Com efeito -como Paul Bourget pôs em evidência em sua célebre obra Le Démon du Midi- 'cumpre viver como se pensa, sob pena de, mais cedo ou mais tarde, acabar por pensar como se viveu' (Op. Cit., v.II, Paris: Librarie Plon, 1914. p. 375). Assim, inspiradas pelo desregramento das tendências profundas, doutrinas novas eclodem. Elas procuram por vezes, de início, um 'modus vivendi' com as antigas, e se exprimem de maneira a manter com estas em simulacro de harmonia que habitualmente não tarda em se romper em luta declarada (Corrêa de Oliveira 1982 23).

Não se trata aqui de fazer uma análise histórico-sociológica das mudanças ocorridas na sociedade, no mundo e no homem ocidental, desde então. Mas sim de fazer uma reflexão sobre o quanto as novas doutrinas -quiçá impulsionadas pelo pensamento kantiano e por todas as correntes filosóficas que a ele seguiram- abalaram o homem em seu próprio ser, mudando-lhe a mentalidade, o que se refletiu em seu comportamento ético e em seu senso moral.

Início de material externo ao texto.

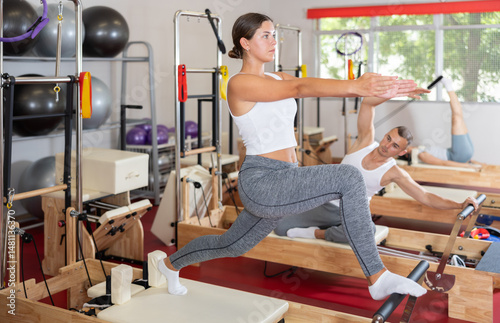 Obraz na płótnie Sportive young girl training her arms and legs on reformer machine in fitness hall w salonie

Já Descartes havia substituído a busca da "ordem da razão" pela "ordem das coisas", aparecendo o homem científico. A ciência passou a ser vista como autógena (Maritain 208-209) e apareceu como a mais deslumbrante e assombrosa das estrelas da cultura, considerada como um bem em si mesma, atividade produtora de novas idéias (Bunge ctd em Uribe Carvajal y Osorio 34). O racionalismo científico determinava que só o que se explicasse pelo método científico era verdadeiro. Fascinado pela ciência, o homem elevou-a até ocupar o lugar do sagrado. Mas não era um simples conflito entre a ciência e a fé. Por trás de tudo aquilo latejava um empenho de proclamar a salvação da humanidade por si mesma, e o advento de uma sociedade iluminada unicamente pela razão humana (Aguiló 2009).

Até onde penetraram essas novas hermenêuticas? Não se pode imaginar um declínio total e imediato. Mas é impossível negar que a influência que exerceram foi considerável. Sendo limitado o número de intelectuais, no limiar do século XVIII as ideias avançadas de racionalismo e libertinagem alcançavam apenas homens de letras, nobres ou grandes burgueses ávidos de bel esprit. E apesar de tantas transformações e crises, aqueles que se tardaram a separar a Razão da Fé -ou seja, sobretudo os que se mantinham cristãos, especialmente os católicos-, apoiados nos alicerces da Fé e de tradições antigas e sólidas, se mantiveram ainda mais arrazoados e menos abalados em seu próprio ser (Daniel-Rops 80-81).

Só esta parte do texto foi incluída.